# A New toy



## ThePlantGuy978 (Feb 22, 2014)

I found a new way to fasten the wire to the end posts using a quick end that only cost about $1.43 each. I used this new device to attach 14 wires to my newly expanded vineyard section. It took less that an hour to attach all 14 wires. I admit they were very short runs of only 25' but the device saved me a bunch of time. I have attached a picture of the device and a quick instruction sheet. The instruction sheet calls for a tension tool, I used a pair of vice grips which did the job.
Tell me what you think.

Hans

The Quik-End is used for terminations at end posts. Use this size for each 12½ gauge wire on your fence. 

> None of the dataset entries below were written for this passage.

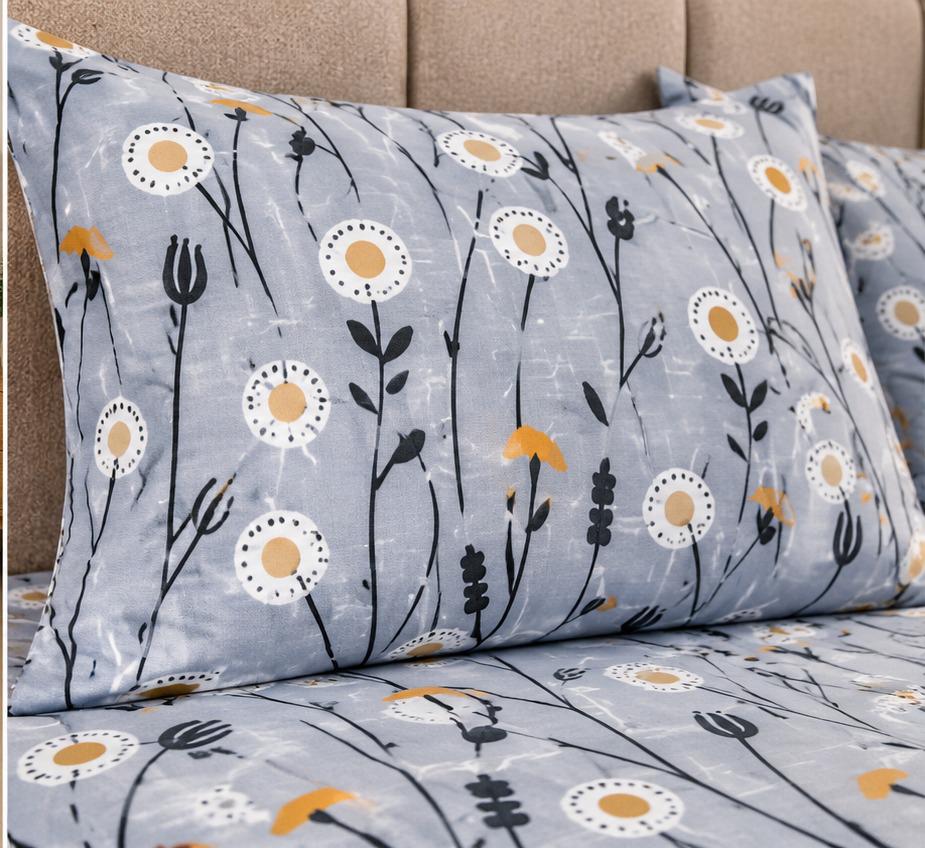 Dandelion Fields Printed Bed Sheet – Grey (100% Cotton Fabric)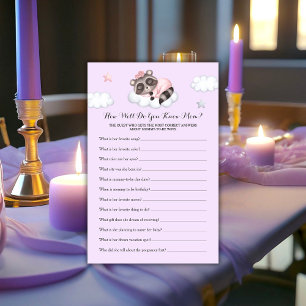 Racoon Baby Shower Game Do You Know Mum?
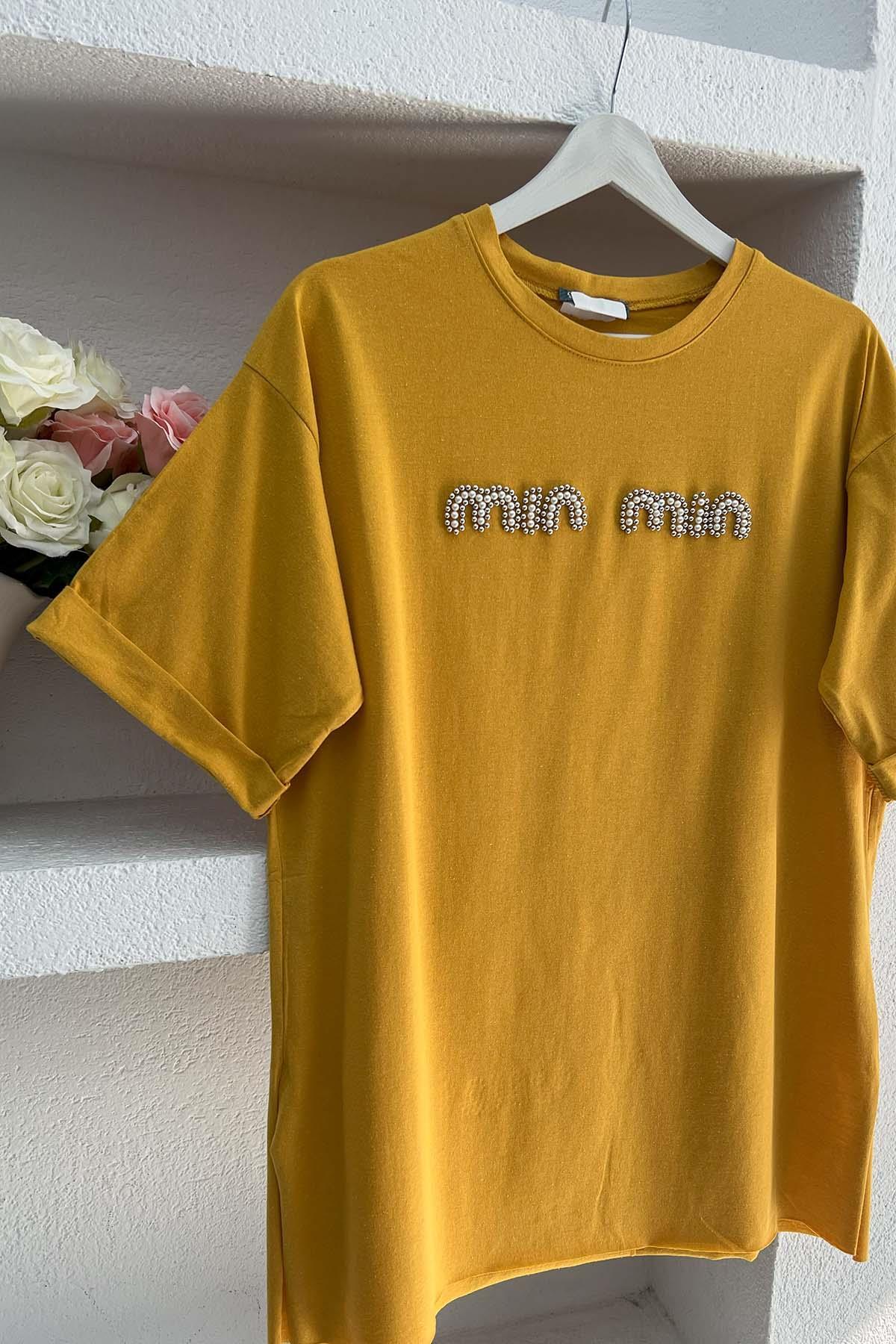 Sare Fashion Stone Mın Tshirt Mustard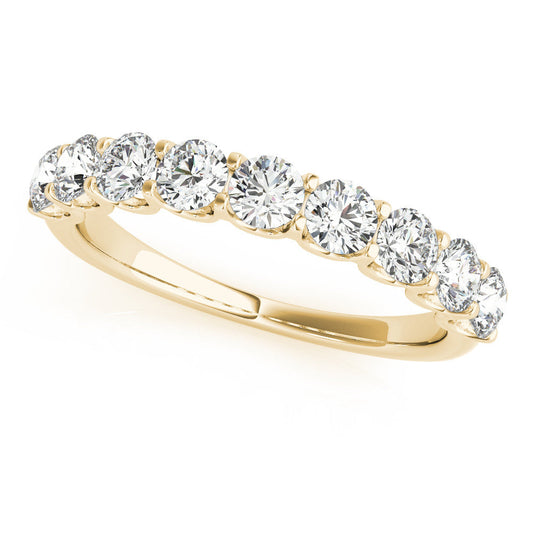 14K Yellow Gold Round Brilliant Diamond U Prong Wedding Ring (1ctw)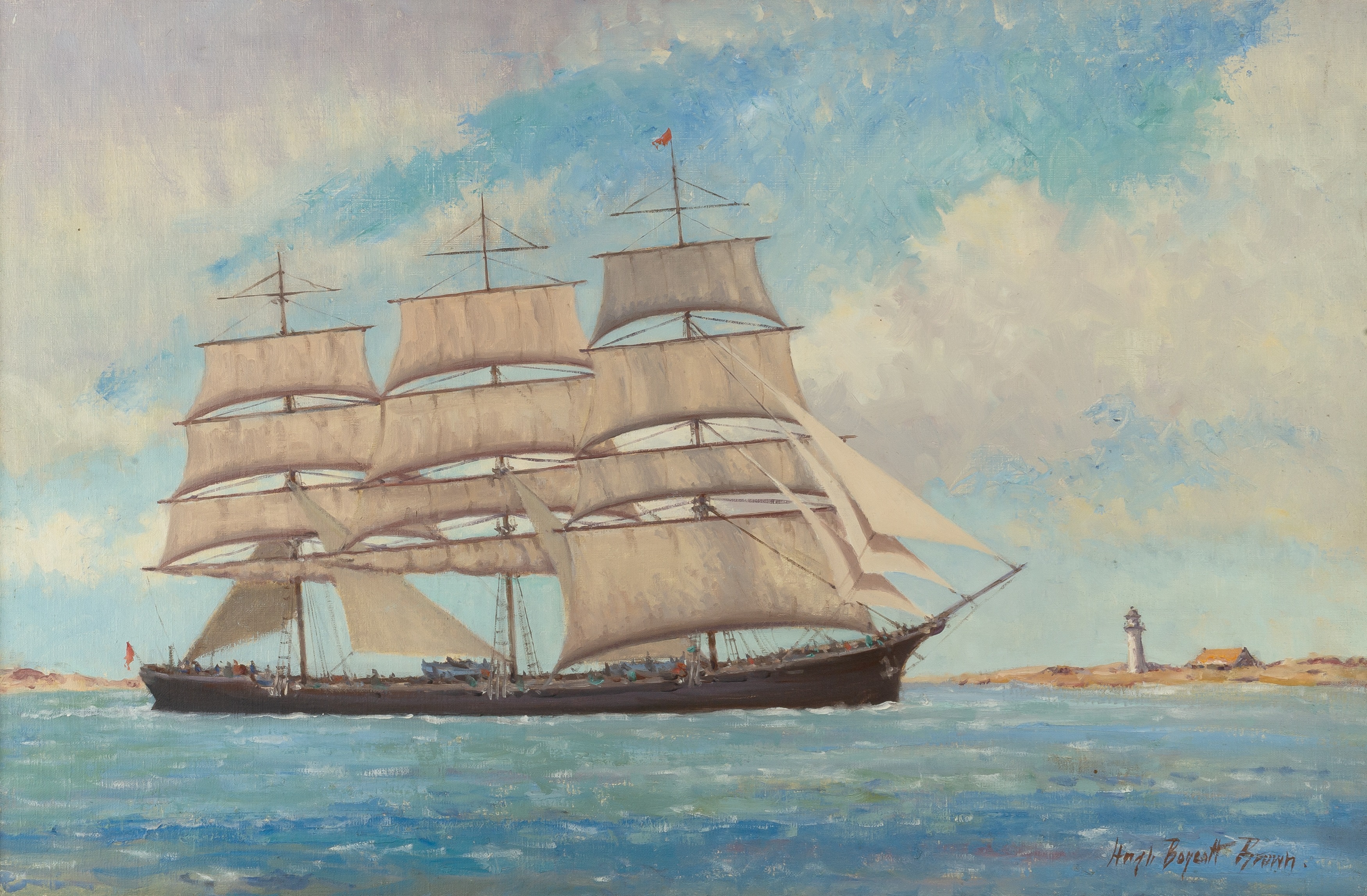 Hugh Boycott-Brown (1909-1990) Sailing Ship Near Land signed (lower right) oil on canvas 59 x 90cm.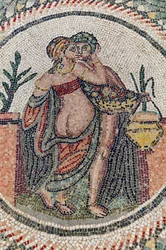 Eros och Psyche. 3:e - 4:e århundradet. Romersk villa i Casale, Sicilien (mosaik)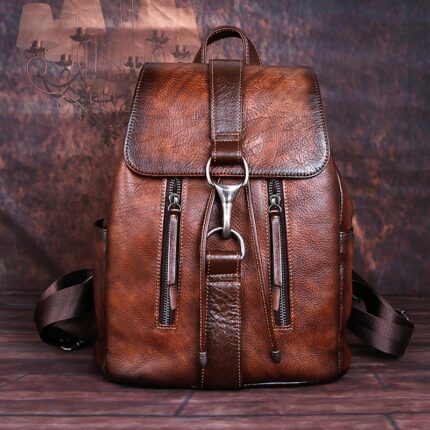 Natural Skin Women Backpack For Girls School Book Bags Daypack Knapsack Retro Female Travel Laptop Bag Genuine Leather Rucksack 1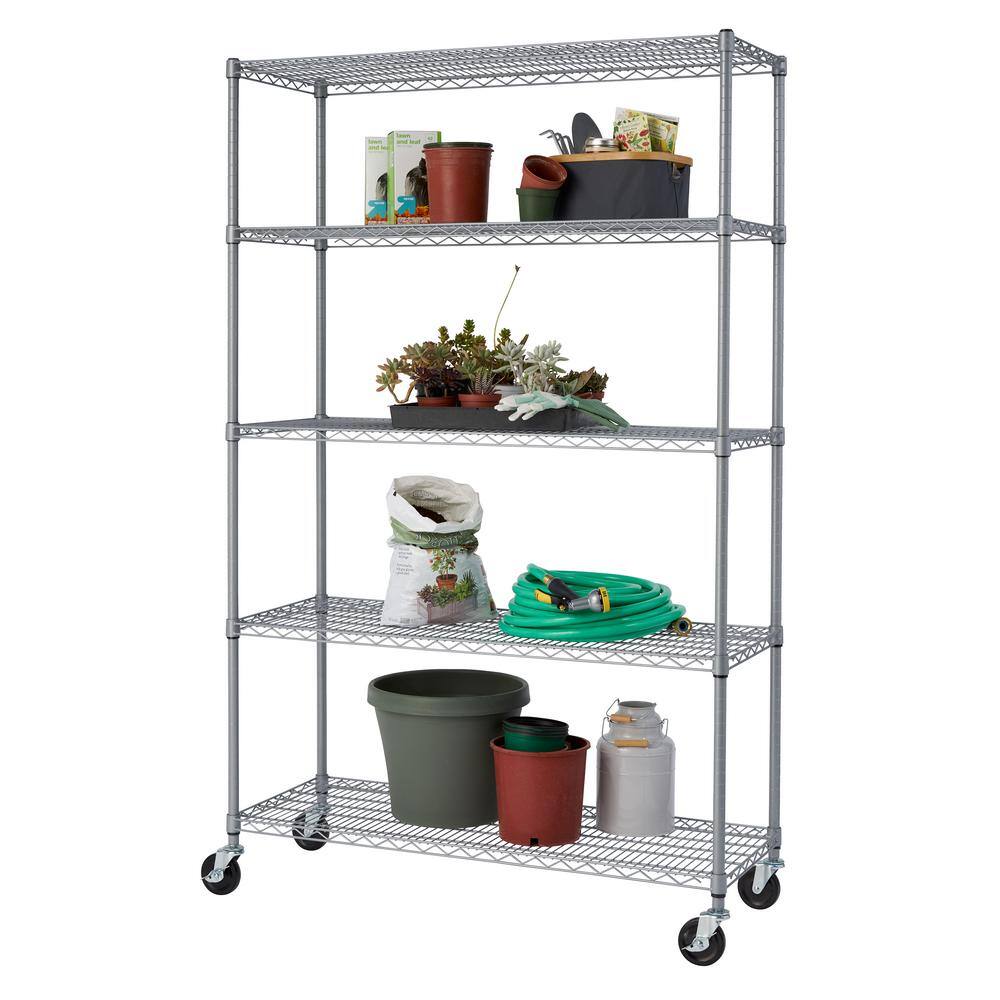 TRINITY 16-Pack Gray 5-Tier Rolling Steel Wire Shelving Unit (48 in. W x 77 in. H x 48 in. D) TBF-PS66416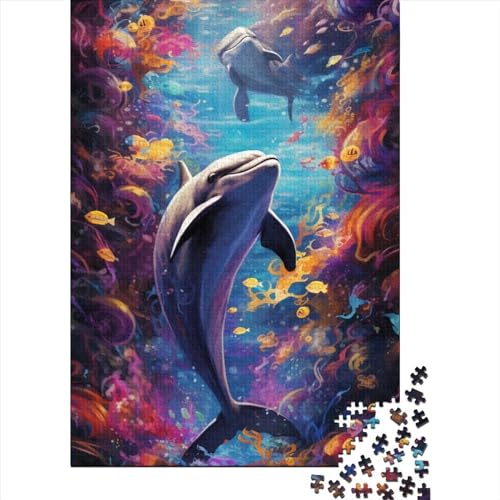Dolphin Puzzle 1000 Teile Schwer Puzzle Spielzeug Lernspiel Impossible Herausforderung Spielzeug Für Erwachsene Und Kinder in Bewährter 1000pcs (75x50cm) von LMYmoney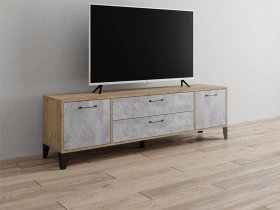 Тумба под ТВ Парус-13 (дуб крафт серый/цемент) в Прокудском - prokudskoe.mebel-nsk.ru | фото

To install the Quik-End, drill a 3⁄8" hole through the end post and pull the wire through. Then put the Quik-End on the wire and tap it lightly into the hole. If final tensioning is to be done with the Quik-end, pull the wire to the end post with a chain grab, then push the slack through the hole and Quik-End. For faster, easier tensioning, use the (TGTTP) Torque Tool. 


Item # CWV1213 
Weight 0.04 lbs 
http://www.kencove.com/fence/Quik-End_detail_CWV1213.php


----------



## bkisel (Feb 22, 2014)

So the idea behind this piece of hardware is to allow for tensioning the wire at an end post?


----------



## LoneStarLori (Feb 22, 2014)

If I'm reading that right, it has an internal clamp that automatically hold the cable in place once it's pulled through?


----------



## grapeman (Feb 22, 2014)

These are called wirevises and have been around for many years. They work alright for short runs but occasionally can pull through under heavy loads. They aren't intended to be used for tensioning.


----------



## BlackRain75 (Mar 21, 2014)

I think they would work great. They are made for fences. Prob work great with small cable, less stretch!


----------